E o Senado é, por acaso, imune a “aparelhamentos”?

Essas e outras doutas ponderações do nosso ministro, no referido
artigo, o tornam, desde já, candidato a ingressar na ilustre linhagem
de juristas pátrios que, desde o venerável doutor Francisco Campos
(apelidado Chico Ciência), de Getúlio Vargas, passando por alguns ex-
professores meus, como Gama e Silva e Alfredo Buzaid, formam no
denodado escrete dos garimpeiros de doutrinas legitimadoras de
interrupções da democracia.

Outra decisiva instituição nacional vem sendo desafiada desde que o
nosso presidente, dizendo não saber se seria ou não candidato à
reeleição, iniciou uma nada disfarçada campanha eleitoral, ao arrepio
da lei. Cada inauguração, cada comparecimento desnecessário a eventos
banais, cada conjunto de fotos levantando os braços para comemorar
coisa nenhuma, cada cena de TV afagando criancinhas em paragens
remotas são meios de testar o tutano da Justiça Eleitoral - como o
reajuste de servidores, que opôs os dois presidentes: o da República
e o do Tribunal Superior Eleitoral (TSE), Marco Aurélio Mello.

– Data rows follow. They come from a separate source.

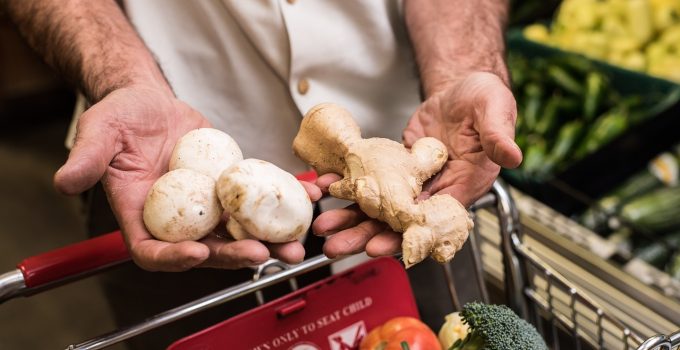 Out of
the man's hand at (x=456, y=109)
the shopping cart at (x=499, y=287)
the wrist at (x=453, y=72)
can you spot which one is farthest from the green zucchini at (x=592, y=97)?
the shopping cart at (x=499, y=287)

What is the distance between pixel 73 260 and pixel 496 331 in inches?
23.4

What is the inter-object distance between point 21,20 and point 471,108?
961 millimetres

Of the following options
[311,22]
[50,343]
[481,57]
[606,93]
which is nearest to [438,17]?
[481,57]

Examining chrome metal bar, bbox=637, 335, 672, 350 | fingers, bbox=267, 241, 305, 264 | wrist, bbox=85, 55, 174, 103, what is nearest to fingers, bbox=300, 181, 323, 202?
fingers, bbox=267, 241, 305, 264

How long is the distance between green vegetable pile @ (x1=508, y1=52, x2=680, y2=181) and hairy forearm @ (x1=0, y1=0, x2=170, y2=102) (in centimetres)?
114

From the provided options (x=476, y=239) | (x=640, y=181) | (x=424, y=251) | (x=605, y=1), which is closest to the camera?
(x=424, y=251)

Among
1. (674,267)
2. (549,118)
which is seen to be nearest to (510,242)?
(674,267)

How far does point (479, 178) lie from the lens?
102 centimetres

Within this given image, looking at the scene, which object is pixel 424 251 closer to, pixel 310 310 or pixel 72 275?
pixel 310 310

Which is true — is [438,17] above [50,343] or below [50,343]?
above

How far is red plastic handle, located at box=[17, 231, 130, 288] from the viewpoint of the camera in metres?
0.94

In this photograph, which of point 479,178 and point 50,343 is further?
point 50,343

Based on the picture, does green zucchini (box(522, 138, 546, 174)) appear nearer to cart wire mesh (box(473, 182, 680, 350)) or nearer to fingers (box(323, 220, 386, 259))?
cart wire mesh (box(473, 182, 680, 350))

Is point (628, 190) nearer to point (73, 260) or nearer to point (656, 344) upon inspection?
point (656, 344) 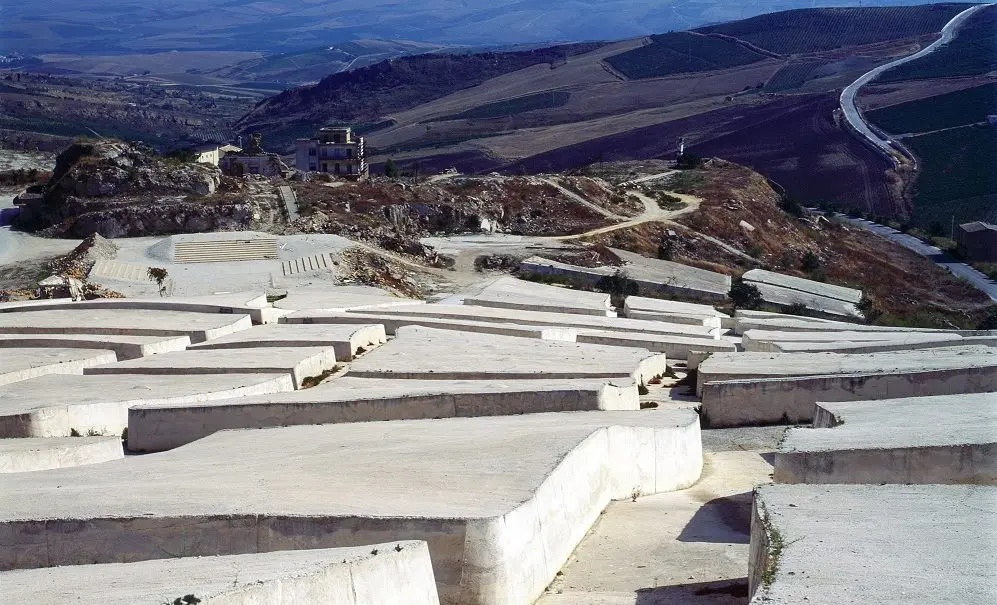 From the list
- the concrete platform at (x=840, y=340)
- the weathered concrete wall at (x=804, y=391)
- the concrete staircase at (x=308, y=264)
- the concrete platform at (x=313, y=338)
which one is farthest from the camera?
the concrete staircase at (x=308, y=264)

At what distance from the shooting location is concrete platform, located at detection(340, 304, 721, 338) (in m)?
19.0

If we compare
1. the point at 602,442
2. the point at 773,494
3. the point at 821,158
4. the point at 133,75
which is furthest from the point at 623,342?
the point at 133,75

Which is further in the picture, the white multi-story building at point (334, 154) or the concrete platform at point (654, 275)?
the white multi-story building at point (334, 154)

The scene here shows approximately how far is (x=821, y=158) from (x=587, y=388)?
5890 cm

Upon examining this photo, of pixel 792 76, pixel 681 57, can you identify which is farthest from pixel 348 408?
pixel 681 57

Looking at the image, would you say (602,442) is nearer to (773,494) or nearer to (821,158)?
(773,494)

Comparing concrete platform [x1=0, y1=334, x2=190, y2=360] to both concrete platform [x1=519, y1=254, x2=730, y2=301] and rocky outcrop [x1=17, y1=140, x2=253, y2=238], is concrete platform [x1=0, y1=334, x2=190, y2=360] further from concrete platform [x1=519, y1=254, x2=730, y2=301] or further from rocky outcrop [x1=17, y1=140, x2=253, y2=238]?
rocky outcrop [x1=17, y1=140, x2=253, y2=238]

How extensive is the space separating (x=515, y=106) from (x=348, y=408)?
301ft

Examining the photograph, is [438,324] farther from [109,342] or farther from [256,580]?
[256,580]

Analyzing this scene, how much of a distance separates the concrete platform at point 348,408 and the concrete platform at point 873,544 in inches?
163

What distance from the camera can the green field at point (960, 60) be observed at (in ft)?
280

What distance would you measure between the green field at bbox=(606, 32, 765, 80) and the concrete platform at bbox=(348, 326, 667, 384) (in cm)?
9515

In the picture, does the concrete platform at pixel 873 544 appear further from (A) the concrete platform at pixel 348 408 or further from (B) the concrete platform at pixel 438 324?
(B) the concrete platform at pixel 438 324

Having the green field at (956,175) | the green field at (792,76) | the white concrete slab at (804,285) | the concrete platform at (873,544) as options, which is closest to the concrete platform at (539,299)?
the white concrete slab at (804,285) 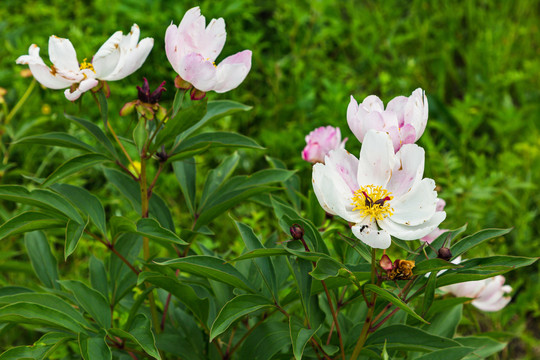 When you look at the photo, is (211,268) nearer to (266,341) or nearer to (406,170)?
(266,341)

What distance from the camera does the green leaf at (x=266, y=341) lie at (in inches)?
48.8

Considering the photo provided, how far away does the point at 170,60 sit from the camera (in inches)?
44.9

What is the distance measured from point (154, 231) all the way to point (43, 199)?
25 centimetres

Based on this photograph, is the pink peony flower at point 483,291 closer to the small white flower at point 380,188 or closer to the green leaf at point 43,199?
the small white flower at point 380,188

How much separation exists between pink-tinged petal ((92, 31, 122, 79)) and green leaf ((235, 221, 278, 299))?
0.40 meters

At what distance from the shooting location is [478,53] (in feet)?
10.7

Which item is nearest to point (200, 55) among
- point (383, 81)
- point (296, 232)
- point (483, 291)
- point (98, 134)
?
point (98, 134)

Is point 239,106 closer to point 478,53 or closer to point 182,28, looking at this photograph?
point 182,28

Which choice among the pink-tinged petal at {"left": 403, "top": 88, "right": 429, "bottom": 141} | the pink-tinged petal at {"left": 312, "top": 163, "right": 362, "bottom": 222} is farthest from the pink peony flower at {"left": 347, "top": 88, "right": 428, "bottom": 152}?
the pink-tinged petal at {"left": 312, "top": 163, "right": 362, "bottom": 222}

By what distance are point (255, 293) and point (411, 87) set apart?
2283 millimetres

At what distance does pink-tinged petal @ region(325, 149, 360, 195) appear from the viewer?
106 cm

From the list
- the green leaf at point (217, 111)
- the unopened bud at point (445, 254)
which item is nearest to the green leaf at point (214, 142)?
the green leaf at point (217, 111)

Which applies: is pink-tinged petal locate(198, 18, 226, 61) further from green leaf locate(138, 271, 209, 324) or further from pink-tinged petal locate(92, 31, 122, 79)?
green leaf locate(138, 271, 209, 324)

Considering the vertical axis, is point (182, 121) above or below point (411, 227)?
above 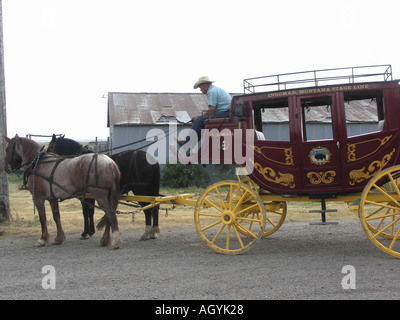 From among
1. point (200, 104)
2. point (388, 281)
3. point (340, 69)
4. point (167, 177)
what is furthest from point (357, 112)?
point (388, 281)

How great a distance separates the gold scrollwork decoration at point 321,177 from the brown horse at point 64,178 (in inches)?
132

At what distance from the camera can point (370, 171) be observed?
5863 mm

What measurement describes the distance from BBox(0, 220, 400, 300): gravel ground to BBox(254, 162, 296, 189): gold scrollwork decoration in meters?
1.10

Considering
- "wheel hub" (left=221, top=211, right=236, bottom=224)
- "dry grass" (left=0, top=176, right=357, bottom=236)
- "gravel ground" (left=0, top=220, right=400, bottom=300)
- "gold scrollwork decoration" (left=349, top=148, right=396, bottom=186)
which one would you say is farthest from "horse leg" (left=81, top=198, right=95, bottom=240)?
"gold scrollwork decoration" (left=349, top=148, right=396, bottom=186)

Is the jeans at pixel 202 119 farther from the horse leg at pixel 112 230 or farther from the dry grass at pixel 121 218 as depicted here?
the dry grass at pixel 121 218

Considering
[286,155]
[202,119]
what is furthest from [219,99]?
[286,155]

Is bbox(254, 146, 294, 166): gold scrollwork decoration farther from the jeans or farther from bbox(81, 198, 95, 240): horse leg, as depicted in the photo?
bbox(81, 198, 95, 240): horse leg

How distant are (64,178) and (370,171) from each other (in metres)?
5.11

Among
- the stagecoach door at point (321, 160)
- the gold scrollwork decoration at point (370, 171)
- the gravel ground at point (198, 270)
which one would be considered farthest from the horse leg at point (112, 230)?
the gold scrollwork decoration at point (370, 171)

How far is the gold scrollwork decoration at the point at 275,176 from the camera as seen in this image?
20.3 feet

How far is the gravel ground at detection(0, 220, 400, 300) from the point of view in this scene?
434 centimetres

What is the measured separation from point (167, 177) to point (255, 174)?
37.5 ft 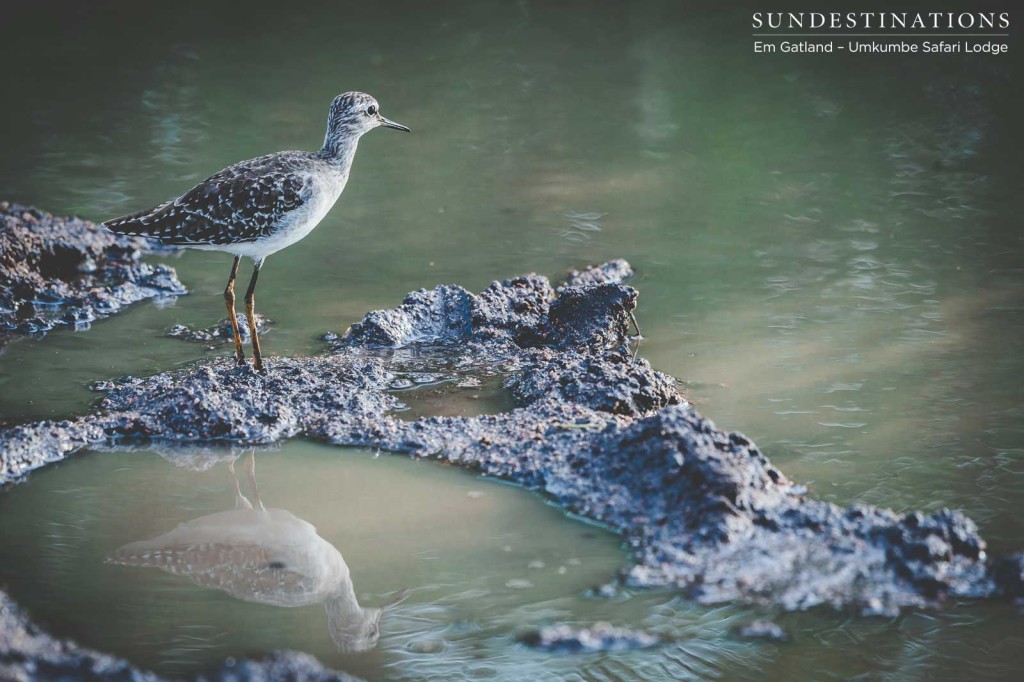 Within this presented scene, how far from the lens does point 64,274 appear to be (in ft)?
22.6

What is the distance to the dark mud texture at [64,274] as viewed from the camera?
6.31 m

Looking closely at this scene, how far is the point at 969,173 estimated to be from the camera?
8.12m

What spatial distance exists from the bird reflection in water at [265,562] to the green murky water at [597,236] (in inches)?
2.5

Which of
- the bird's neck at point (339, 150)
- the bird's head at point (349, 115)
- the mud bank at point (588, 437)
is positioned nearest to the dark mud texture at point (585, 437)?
the mud bank at point (588, 437)

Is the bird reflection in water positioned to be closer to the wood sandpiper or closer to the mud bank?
the mud bank

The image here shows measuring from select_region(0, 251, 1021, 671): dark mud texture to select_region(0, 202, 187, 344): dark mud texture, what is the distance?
1.12m

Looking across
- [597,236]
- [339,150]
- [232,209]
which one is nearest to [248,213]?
[232,209]

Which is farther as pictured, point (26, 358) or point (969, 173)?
point (969, 173)

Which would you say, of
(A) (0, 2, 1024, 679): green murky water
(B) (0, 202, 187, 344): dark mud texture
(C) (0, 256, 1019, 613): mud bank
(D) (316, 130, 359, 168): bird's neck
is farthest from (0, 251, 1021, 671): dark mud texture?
(B) (0, 202, 187, 344): dark mud texture

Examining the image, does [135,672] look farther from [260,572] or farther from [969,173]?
Answer: [969,173]

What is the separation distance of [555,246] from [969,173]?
10.3 feet

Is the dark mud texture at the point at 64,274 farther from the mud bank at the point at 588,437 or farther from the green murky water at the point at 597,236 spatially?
the mud bank at the point at 588,437

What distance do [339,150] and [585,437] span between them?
223 cm

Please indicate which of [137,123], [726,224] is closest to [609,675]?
[726,224] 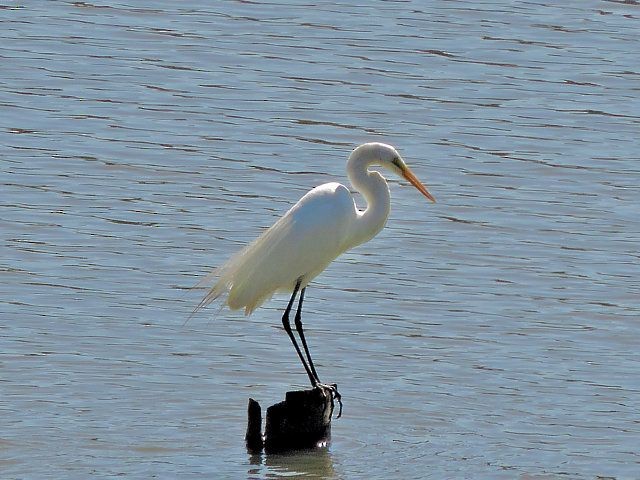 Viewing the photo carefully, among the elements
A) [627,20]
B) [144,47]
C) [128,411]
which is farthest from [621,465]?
[627,20]

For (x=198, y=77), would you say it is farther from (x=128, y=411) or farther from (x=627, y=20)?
(x=128, y=411)

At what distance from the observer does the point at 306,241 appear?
8500 mm

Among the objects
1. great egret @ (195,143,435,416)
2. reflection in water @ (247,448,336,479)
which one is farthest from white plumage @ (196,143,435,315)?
reflection in water @ (247,448,336,479)

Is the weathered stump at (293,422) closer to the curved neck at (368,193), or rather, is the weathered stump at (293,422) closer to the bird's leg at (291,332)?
the bird's leg at (291,332)

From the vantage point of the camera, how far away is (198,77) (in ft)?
52.5

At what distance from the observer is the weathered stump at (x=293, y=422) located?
8.17 metres

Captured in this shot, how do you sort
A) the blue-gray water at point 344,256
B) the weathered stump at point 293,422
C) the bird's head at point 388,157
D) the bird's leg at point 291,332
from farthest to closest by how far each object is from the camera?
the blue-gray water at point 344,256
the bird's head at point 388,157
the bird's leg at point 291,332
the weathered stump at point 293,422

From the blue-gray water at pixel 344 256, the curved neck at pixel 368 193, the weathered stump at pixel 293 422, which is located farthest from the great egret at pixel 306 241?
the blue-gray water at pixel 344 256

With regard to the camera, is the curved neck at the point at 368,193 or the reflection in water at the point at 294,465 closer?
the reflection in water at the point at 294,465

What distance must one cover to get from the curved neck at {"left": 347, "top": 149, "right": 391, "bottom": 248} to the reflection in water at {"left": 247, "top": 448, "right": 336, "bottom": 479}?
1240mm

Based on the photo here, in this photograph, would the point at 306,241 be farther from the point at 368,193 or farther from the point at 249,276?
the point at 368,193

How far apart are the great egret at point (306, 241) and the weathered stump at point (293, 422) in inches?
6.2

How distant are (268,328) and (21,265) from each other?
1842 mm

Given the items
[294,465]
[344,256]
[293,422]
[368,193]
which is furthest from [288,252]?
[344,256] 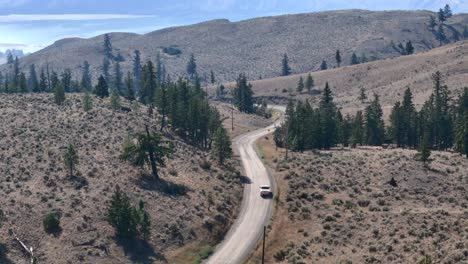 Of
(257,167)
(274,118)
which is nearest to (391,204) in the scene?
(257,167)

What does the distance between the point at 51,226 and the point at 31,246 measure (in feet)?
11.6

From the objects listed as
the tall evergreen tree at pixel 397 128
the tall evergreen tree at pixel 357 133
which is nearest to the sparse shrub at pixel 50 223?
the tall evergreen tree at pixel 357 133

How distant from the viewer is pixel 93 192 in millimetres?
67250

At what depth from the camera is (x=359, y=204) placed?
69500mm

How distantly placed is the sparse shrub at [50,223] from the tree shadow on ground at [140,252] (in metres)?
7.63

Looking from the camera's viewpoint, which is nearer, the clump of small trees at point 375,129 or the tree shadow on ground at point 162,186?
the tree shadow on ground at point 162,186

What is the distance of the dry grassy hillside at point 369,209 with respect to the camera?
171ft

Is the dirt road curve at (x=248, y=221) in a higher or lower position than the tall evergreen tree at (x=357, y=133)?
lower

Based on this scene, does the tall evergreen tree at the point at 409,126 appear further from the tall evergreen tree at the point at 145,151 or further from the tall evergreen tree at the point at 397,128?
the tall evergreen tree at the point at 145,151

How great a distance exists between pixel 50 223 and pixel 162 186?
19123 millimetres

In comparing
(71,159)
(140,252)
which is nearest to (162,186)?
(71,159)

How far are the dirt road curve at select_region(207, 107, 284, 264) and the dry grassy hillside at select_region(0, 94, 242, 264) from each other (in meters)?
1.83

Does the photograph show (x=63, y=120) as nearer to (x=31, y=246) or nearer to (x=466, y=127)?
(x=31, y=246)

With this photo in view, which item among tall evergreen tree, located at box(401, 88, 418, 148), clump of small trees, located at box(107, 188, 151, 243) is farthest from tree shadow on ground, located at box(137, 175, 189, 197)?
tall evergreen tree, located at box(401, 88, 418, 148) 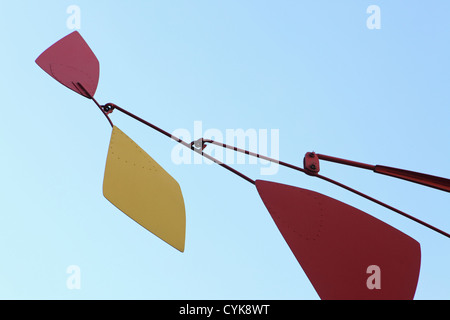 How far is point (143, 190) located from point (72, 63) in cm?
114

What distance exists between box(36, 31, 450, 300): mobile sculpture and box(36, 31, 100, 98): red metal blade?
0.37m

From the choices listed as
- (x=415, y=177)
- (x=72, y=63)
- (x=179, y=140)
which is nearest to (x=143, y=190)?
(x=179, y=140)

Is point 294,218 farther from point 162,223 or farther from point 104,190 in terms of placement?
point 104,190

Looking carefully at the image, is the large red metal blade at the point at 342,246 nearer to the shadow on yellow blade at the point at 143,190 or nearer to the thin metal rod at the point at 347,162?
the thin metal rod at the point at 347,162

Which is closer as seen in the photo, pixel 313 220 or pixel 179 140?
pixel 313 220

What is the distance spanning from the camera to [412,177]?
101 inches

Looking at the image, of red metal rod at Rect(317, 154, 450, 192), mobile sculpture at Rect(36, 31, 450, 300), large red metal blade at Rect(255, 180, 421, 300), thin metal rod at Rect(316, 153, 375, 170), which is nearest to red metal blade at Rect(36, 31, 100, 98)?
Answer: mobile sculpture at Rect(36, 31, 450, 300)

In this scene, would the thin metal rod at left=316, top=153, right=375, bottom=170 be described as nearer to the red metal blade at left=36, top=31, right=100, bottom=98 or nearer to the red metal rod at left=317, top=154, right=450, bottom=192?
the red metal rod at left=317, top=154, right=450, bottom=192

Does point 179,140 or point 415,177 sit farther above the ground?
point 179,140

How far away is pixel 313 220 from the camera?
232 centimetres

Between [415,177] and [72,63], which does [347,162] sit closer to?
[415,177]

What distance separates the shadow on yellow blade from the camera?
2.30 m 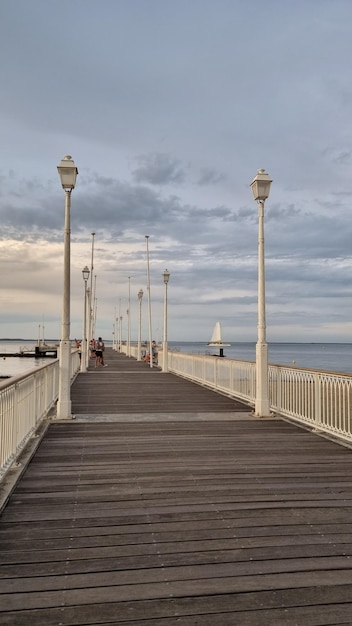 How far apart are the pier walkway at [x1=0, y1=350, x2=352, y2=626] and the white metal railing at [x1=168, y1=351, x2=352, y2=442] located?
793 millimetres

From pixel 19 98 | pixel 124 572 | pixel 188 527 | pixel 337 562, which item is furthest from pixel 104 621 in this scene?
pixel 19 98

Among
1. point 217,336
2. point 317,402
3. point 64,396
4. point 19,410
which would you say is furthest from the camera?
point 217,336

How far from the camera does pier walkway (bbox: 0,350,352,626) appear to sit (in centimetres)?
277

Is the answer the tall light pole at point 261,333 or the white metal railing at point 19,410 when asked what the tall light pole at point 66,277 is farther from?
the tall light pole at point 261,333

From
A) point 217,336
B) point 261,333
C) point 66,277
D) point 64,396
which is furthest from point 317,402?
point 217,336

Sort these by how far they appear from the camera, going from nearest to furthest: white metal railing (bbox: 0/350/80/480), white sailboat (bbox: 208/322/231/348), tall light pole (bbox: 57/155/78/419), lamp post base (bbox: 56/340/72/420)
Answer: white metal railing (bbox: 0/350/80/480) → lamp post base (bbox: 56/340/72/420) → tall light pole (bbox: 57/155/78/419) → white sailboat (bbox: 208/322/231/348)

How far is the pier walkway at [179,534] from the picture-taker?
109 inches

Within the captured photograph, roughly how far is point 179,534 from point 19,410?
315 cm

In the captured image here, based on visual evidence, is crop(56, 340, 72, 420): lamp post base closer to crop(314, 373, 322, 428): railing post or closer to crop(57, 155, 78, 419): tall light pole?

Então, com o Legislativo, o Judiciário e o sistema eleitoral sendo
levados no bico e ao desgaste, desculpem-me os colegas do jornalismo
econômico - legitimamente preocupados com rombos no INSS, nas contas
públicas, na relação dívida/PIB, nas reservas cambiais e demais
problemas de uma administração séria -, mas o Grande Arrombamento,
que decisivamente determinará os destinos deste país, é o que está
sendo cavilosamente cavado na imagem pública das instituições que nos
garantem o status internacional de nação democrática.